In a Twitter post on Sunday, Moore detailed the alleged incident saying that police officers pulled guns on him and assumed that he had a firearm and drugs. He also noted that police allegedly unzipped his pants to find the weapon Moore repeatedly said he didn’t have. When Moore allegedly tried to record the officers for “documentation of harassment” with his cellphone, he says it was snatched from him.
Moore, a freshman, says the officers let him go once he told them he was an LSU football player.
According to the City Police Chief Murphy Paul, all three officers involved in the incident have been put on paid administrative leave.
“We appreciate Mr. Moore bringing this incident to our attention,” Paul said in a statement. “As in every case, we will be collecting all available evidence and conducting interviews. “Accountability and transparency are critical in building trust with the community. I pledge a thorough investigation into this complaint.”
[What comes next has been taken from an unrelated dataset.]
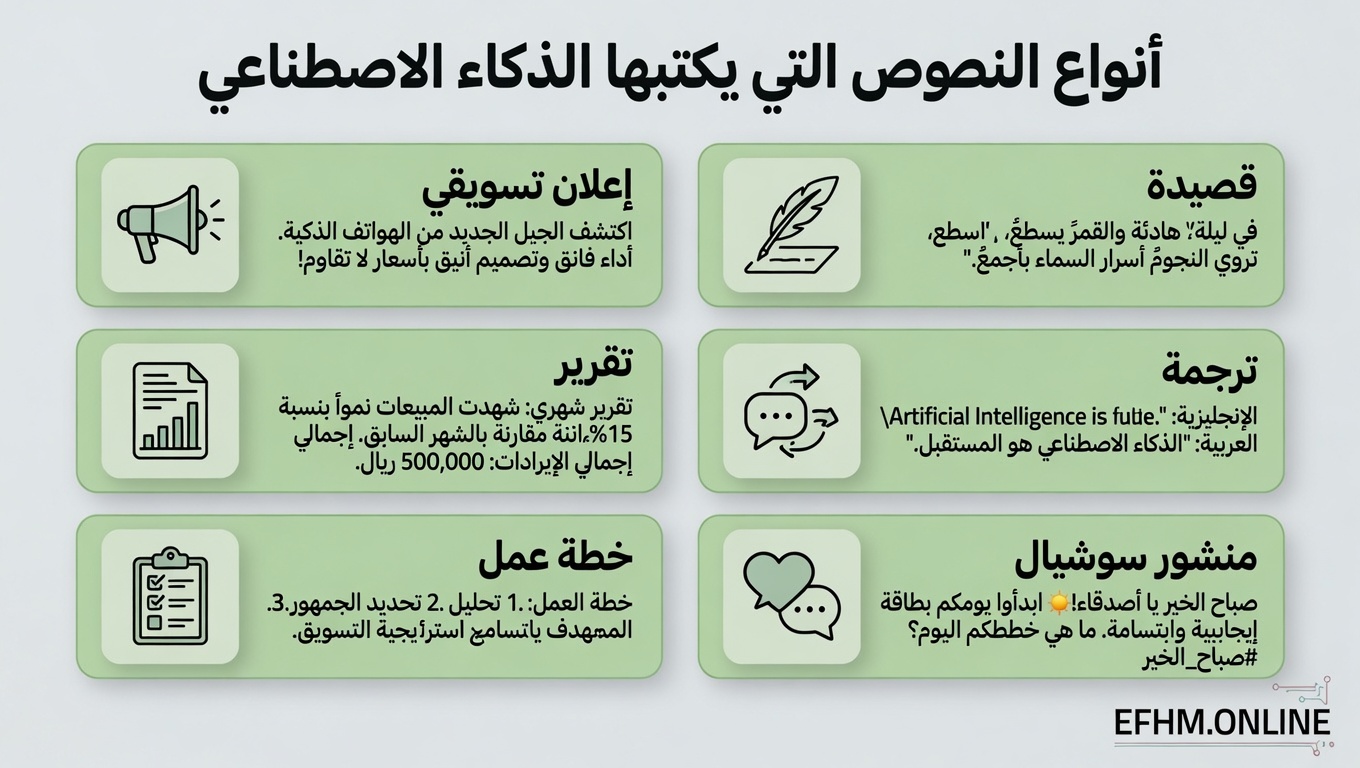 إنفوجرافيك يعرض أنواع النصوص المختلفة التي يستطيع الذكاء الاصطناعي التوليدي كتابتها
Moore’s situation is all too common for Black people in America.
According to a Pew Research study, Black adults are five times more likely to say they’ve been unfairly stopped by law enforcement. This has been a huge problem for Black individuals in this country for decades despite their accomplishments or status. During the height of New York City’s Stop-and-Frisk era, Blacks were stopped by police more than any other race. According to the NYCLU, in 2010 the NYPD recorded 601,285 stops. Despite making up just 22 percent of the population of New York City at the time, Blacks accounted for 54 percent of stops (315,083). Whites made up just 9 percent of stops despite being over 33 percent of the population.
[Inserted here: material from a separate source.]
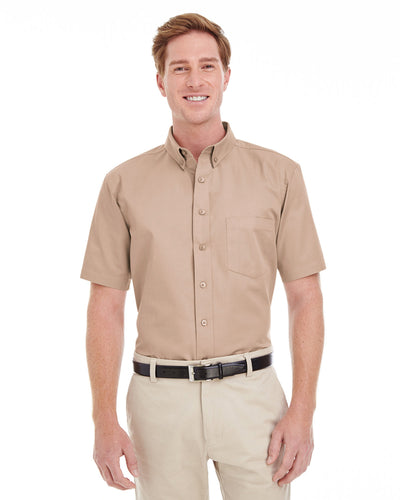 Harriton Men's Foundation 100% Cotton Short-Sleeve Twill Shirt with Teflon™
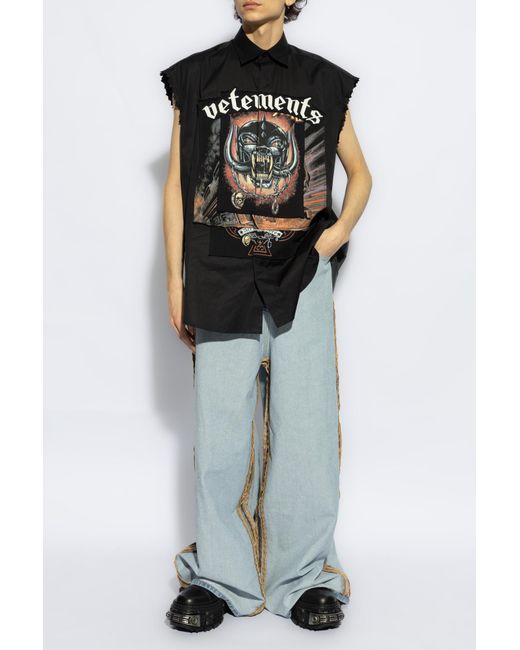 Vetements Black Oversize Sleeveless Shirt for men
We saw altercations between the police and the Black community capture the country’s attention this summer in the wake of George Floyd and Breonna Taylor’s murder as well as the shooting of Jacob Blake.
These incidents are nothing new for this country and will not be fixed overnight just because someone else is in the White House.
That sentiment was communicated by Moore himself after his alleged encounter with police.
“As some celebrate the election of a new president, understand the real problems have not changed,” said Moore. “I could have lost my life and I know for a fact nothing would have happened to the guys who did it.”
LSU Head Coach Ed Orgeron released a statement about the situation, along with AD Scott Woodward.
As the investigation ensues, hopefully, true justice will be served to these officers based on their actions. No human being should have to fear for his or her life and be subjected to harassment.
If Moore’s post told us anything it’s that we cannot relax. There are still multiple steps that need to be taken to fix the ills of this country.
This is not the time to rest, because injustice refuses to take a break.